However, from a scientific and engineering perspective, metric has the advantage of units that (mostly) convert easily, have built with scaling without changing units (i.e. standardized prefixes that use the same root unit as in meters, grams, and liters), and the units for each thing are unique (US customary has pounds-force and pounds-mass which are different by a factor of 32.174). These differences all combine to create a system that is much more effective for science and engineering. Most of those advantages are primarily due to the fact the metric was a deliberately developed system of measurements rather than a system the grew out of thousands of years of what was needed by agrarian societies.

Back to the original question of the topic, Safehold doesn't have to switch to metric. They don't even have to get rid of the US customary system. They just need to go about expanding it (from their perspective) in a deliberate fashion that avoids the difficulties the the real world system does.

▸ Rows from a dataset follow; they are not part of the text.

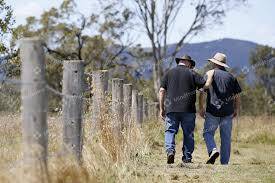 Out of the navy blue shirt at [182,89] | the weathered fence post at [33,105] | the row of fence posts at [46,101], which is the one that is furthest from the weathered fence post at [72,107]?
the navy blue shirt at [182,89]

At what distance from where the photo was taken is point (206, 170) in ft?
32.9

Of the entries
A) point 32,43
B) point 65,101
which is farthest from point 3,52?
point 32,43

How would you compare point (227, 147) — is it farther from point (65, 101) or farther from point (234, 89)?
point (65, 101)

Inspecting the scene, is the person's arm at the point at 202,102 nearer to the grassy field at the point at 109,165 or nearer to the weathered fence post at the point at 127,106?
the grassy field at the point at 109,165

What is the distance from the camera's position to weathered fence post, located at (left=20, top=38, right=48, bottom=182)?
5.09m

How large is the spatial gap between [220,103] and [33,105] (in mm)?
6705

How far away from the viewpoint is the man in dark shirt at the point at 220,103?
11.5m

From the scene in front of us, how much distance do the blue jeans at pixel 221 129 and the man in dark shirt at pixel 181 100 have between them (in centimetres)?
36

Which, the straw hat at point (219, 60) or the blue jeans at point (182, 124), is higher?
the straw hat at point (219, 60)

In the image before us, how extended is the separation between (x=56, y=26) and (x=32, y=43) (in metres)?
44.9

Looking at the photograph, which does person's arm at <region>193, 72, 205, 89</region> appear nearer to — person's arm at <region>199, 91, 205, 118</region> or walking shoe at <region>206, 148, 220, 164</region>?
person's arm at <region>199, 91, 205, 118</region>

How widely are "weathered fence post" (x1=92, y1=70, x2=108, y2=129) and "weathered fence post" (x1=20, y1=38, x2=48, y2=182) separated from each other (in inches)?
156

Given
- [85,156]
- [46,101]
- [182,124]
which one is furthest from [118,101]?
[46,101]

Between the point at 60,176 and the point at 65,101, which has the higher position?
the point at 65,101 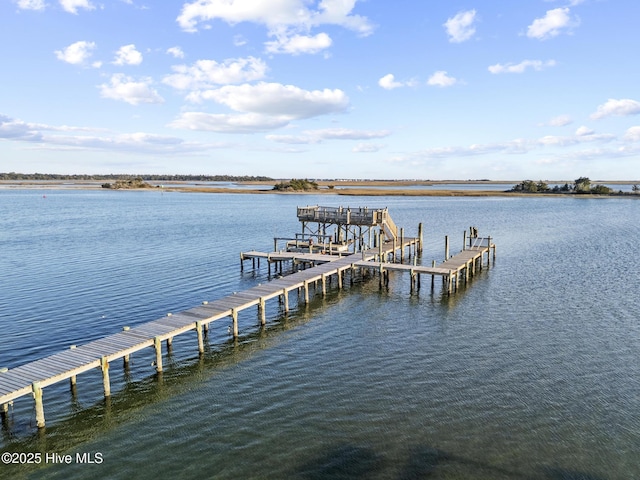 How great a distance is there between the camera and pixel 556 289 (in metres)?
30.5

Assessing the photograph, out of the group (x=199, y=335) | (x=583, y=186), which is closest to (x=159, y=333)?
(x=199, y=335)

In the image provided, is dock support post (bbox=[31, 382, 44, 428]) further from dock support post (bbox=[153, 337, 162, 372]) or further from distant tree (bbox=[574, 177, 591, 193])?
distant tree (bbox=[574, 177, 591, 193])

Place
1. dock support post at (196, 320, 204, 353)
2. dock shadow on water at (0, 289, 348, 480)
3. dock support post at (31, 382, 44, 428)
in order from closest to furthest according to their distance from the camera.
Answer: dock shadow on water at (0, 289, 348, 480)
dock support post at (31, 382, 44, 428)
dock support post at (196, 320, 204, 353)

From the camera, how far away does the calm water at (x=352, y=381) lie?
43.0ft

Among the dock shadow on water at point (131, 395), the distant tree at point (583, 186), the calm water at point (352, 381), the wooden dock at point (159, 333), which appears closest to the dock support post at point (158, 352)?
the wooden dock at point (159, 333)

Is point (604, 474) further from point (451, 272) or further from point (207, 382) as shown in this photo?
point (451, 272)

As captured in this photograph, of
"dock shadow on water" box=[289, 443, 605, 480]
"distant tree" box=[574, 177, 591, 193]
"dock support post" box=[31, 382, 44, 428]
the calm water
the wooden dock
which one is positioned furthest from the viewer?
"distant tree" box=[574, 177, 591, 193]

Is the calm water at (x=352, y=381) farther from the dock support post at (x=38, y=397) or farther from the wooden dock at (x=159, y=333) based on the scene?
the wooden dock at (x=159, y=333)

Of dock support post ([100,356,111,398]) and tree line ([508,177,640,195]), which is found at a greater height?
tree line ([508,177,640,195])

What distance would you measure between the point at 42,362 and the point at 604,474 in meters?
17.6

Of course, since they're trying to leverage the knowledge of the Federation, it would probably make more sense to adopt to the metric system.

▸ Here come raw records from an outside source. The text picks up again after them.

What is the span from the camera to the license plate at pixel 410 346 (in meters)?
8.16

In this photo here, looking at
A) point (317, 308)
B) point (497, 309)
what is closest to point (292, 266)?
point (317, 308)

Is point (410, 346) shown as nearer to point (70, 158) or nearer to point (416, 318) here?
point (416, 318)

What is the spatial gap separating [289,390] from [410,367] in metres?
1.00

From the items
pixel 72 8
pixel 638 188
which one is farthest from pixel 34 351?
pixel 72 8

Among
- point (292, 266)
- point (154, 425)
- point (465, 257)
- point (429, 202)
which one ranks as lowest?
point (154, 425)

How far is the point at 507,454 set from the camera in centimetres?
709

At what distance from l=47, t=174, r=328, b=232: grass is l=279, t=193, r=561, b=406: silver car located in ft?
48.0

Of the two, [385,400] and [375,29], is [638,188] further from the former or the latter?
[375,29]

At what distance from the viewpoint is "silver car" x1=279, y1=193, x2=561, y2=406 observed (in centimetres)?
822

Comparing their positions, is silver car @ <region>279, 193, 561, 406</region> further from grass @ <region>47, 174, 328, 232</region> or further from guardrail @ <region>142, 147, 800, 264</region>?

jtg452 wrote:No, it's called sarcasm.

One of the arguments presented was that the metric system is superior because it's used in engineering and science.

I sarcastically pointed out that one of the (if not the single) greatest scientific and engineering feats of modern times- putting man on the moon- was done using equipment made using Imperial measurements and that sort of flies in the face of their assertion.

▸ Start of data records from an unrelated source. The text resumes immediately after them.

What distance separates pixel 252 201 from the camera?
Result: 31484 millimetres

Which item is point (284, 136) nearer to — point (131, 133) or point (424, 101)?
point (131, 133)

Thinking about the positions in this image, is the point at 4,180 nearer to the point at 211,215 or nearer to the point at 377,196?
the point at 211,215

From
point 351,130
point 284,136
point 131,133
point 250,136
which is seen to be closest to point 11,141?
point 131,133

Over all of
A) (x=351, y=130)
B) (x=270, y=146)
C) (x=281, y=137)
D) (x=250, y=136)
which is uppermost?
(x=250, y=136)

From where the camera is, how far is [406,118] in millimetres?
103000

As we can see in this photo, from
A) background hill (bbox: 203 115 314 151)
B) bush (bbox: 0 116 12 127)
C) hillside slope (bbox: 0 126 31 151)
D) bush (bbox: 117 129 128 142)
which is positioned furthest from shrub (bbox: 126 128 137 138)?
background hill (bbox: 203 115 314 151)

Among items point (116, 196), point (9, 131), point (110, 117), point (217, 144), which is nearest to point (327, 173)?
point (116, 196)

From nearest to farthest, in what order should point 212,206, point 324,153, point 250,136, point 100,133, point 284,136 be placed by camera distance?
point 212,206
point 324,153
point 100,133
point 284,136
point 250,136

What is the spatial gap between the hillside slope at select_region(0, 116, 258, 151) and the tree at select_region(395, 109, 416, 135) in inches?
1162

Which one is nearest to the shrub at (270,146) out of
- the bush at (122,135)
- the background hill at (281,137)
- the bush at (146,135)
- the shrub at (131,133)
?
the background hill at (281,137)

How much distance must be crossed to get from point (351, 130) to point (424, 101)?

Come to think of it, so would Chuck Yeager's breaking the sound barrier in level flight.

And Wilbur and Orville's flights at Kittyhawk.

The Soviets didn't make it to the moon for a plethora of reasons completely unrelated to something as silly as what unit of measure they used when building their equipment.

Again-

I don't buy into the claim that Imperial is inadequate. I also think that the claims of metric's superiority are vastly overstated.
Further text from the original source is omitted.